Hi everyone.
This regards exercise 5-6 of "Accelerated C++".
I am asked to rewrite a function so that instead of using erase() to remove an element (of a failing student), I should copy the elements (of the passing students) to the beginning of the vector and then use resize() to remove the unnecessary elements from the end of the vector.
The program compiles but crashes once it gets to this point. It ran fine using erase().

My code for this function is as follows, where container_Student_info is a typedef for vector<Student_info>:

Ignore std::list.

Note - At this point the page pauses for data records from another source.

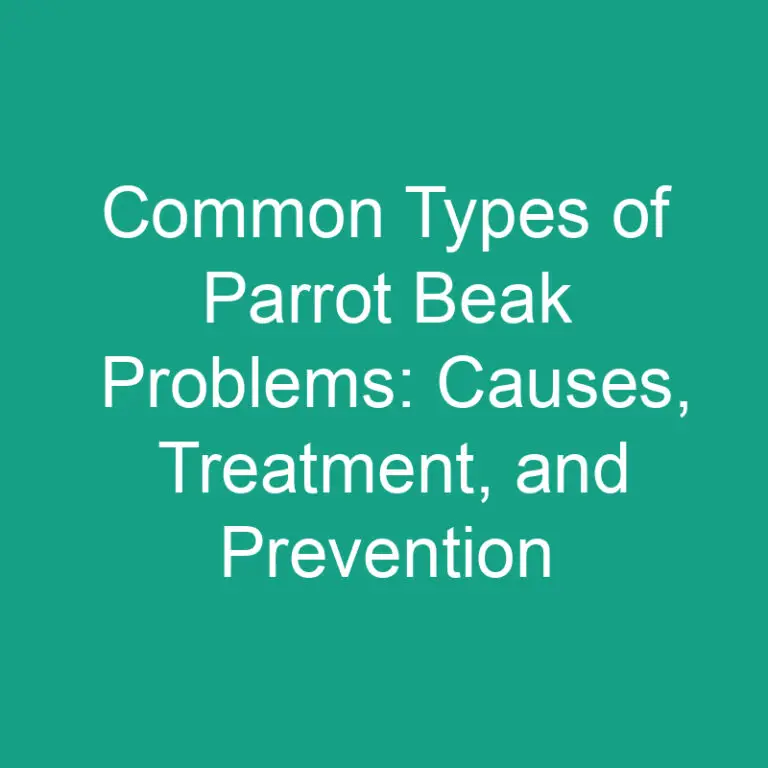 8 Types of Parrot Beak Problems: Causes, Treatment, and Prevention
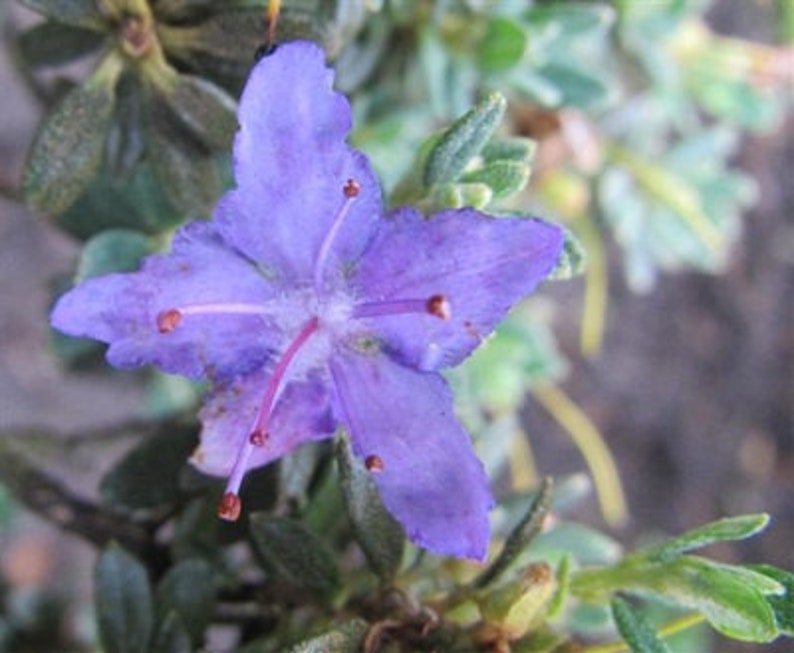 Rhododendron 'Impeditum' Small Purple Bloom on a Very Compact Plant Will Grow to 1.5 feet tall, Hardy to 0 F 1 Container Size image 3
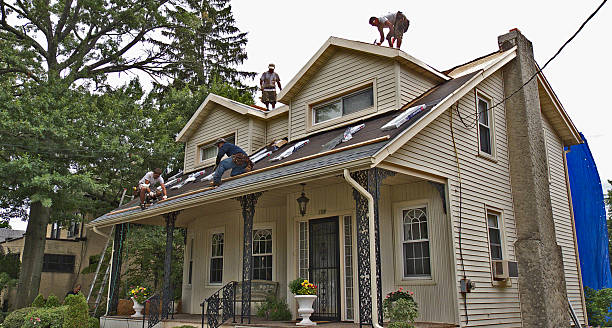 Best Residential Roofing Contractor  in Dixon, KY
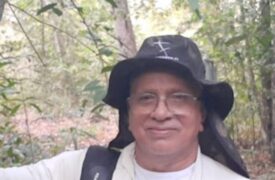 Pesquisador da Uema publica artigo na revista Nature com novo método para estudar insetos na Amazônia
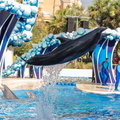 WDW201803-398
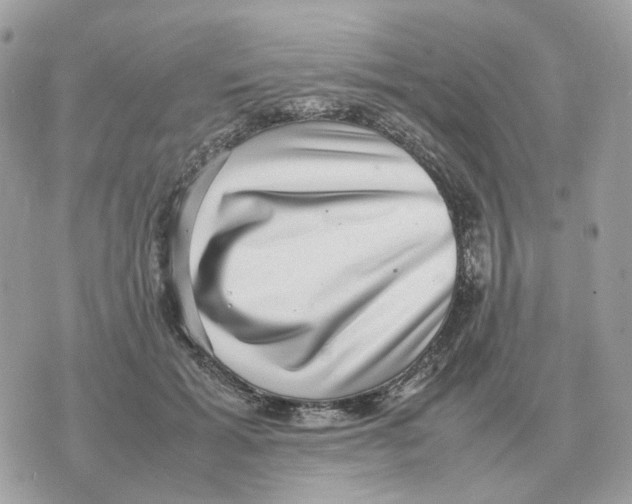 X0000070370605200607072130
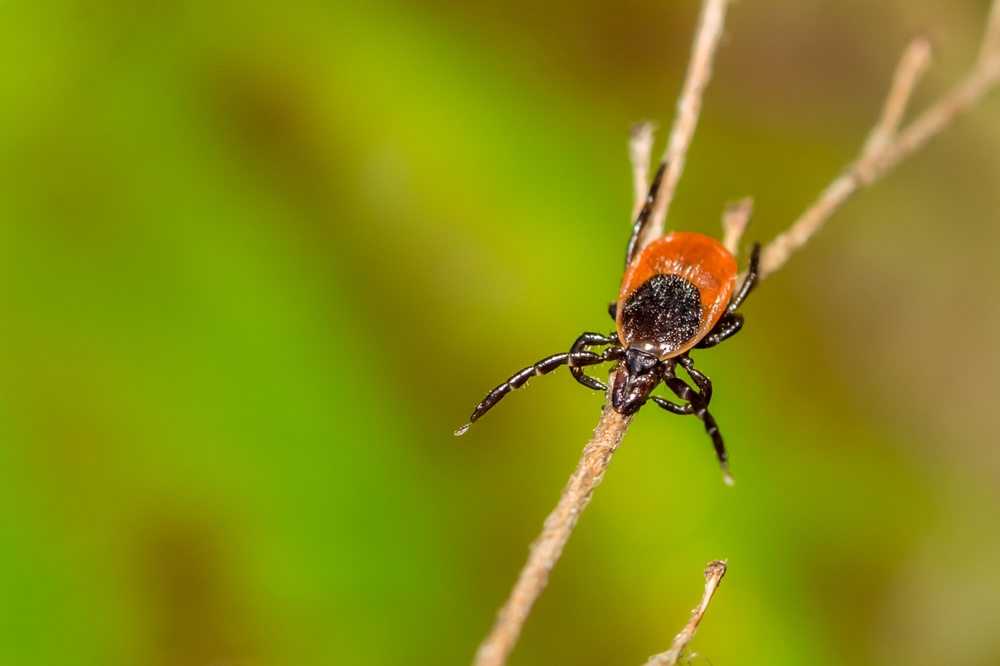 A tick on a twig.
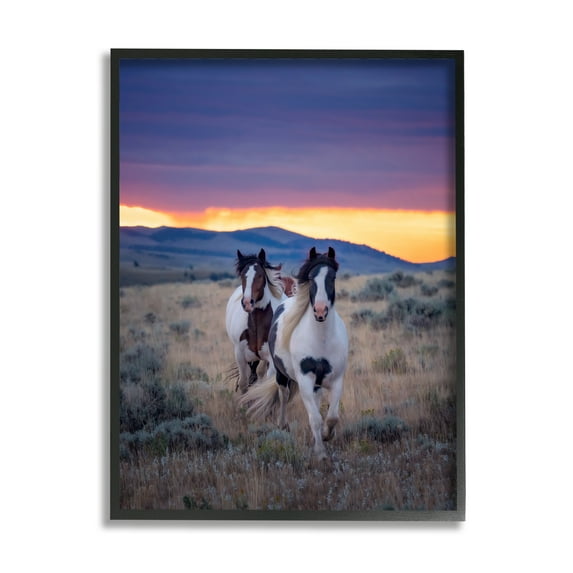Stupell Industries Spotted Horses at Sunrise Animals & Insects Photography Black Framed Art Print Wall Art, 11 x 14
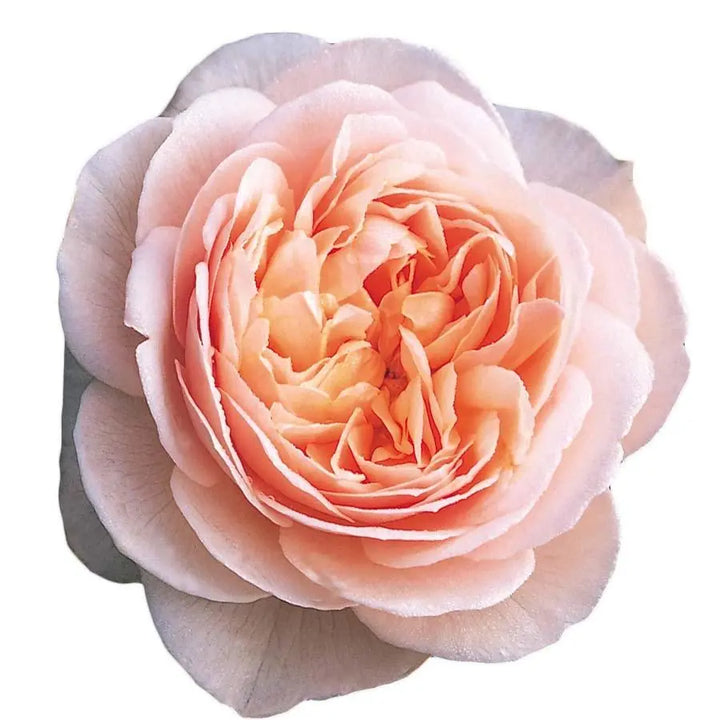 A close-up of a David Austin Juliet garden rose showing its cupped peach petals and pale apricot edges.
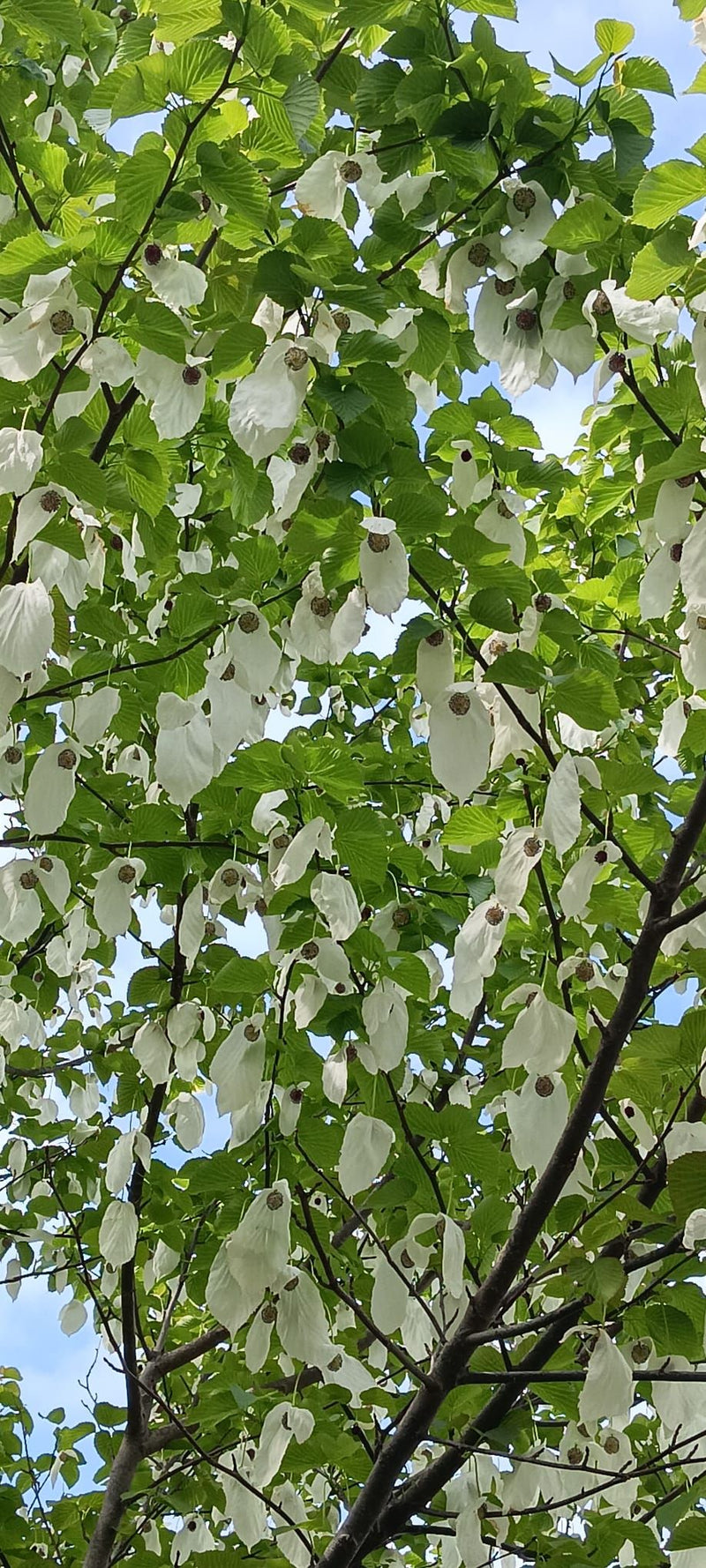 Taschentuchbaum — Bild 1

It is there as part of another exercise I'm working on and also failing at ;P.

#include "fail.h"
#include "grade.h"

using std::vector;      using std::list;

container_Student_info extract_fails(container_Student_info& students)
{
    container_Student_info::size_type p = 0;                        // code for copy and resize
    container_Student_info fail;
    container_Student_info::iterator iter = students.begin();
    container_Student_info::iterator it = students.begin();         // code for copy and resize

    while(iter!=students.end())
    {
        if(fgrade(*iter))
        {
            fail.push_back(*iter);

            ++iter;                                     // code for copy and resize
            //iter = students.erase(iter);
        }
        else
        {
            it = students.begin();                      // code for copy and resize
            students.insert(it, *iter);                 // code for copy and resize
            ++p;                                        // code for copy and resize

            ++iter;
        }
    }

    students.resize(p);                                 // code for copy and resize

    return fail;
}


bool fgrade(const Student_info& s)
{
    return grade(s) < 60;
}

So my question is, why is it crashing? Cheers.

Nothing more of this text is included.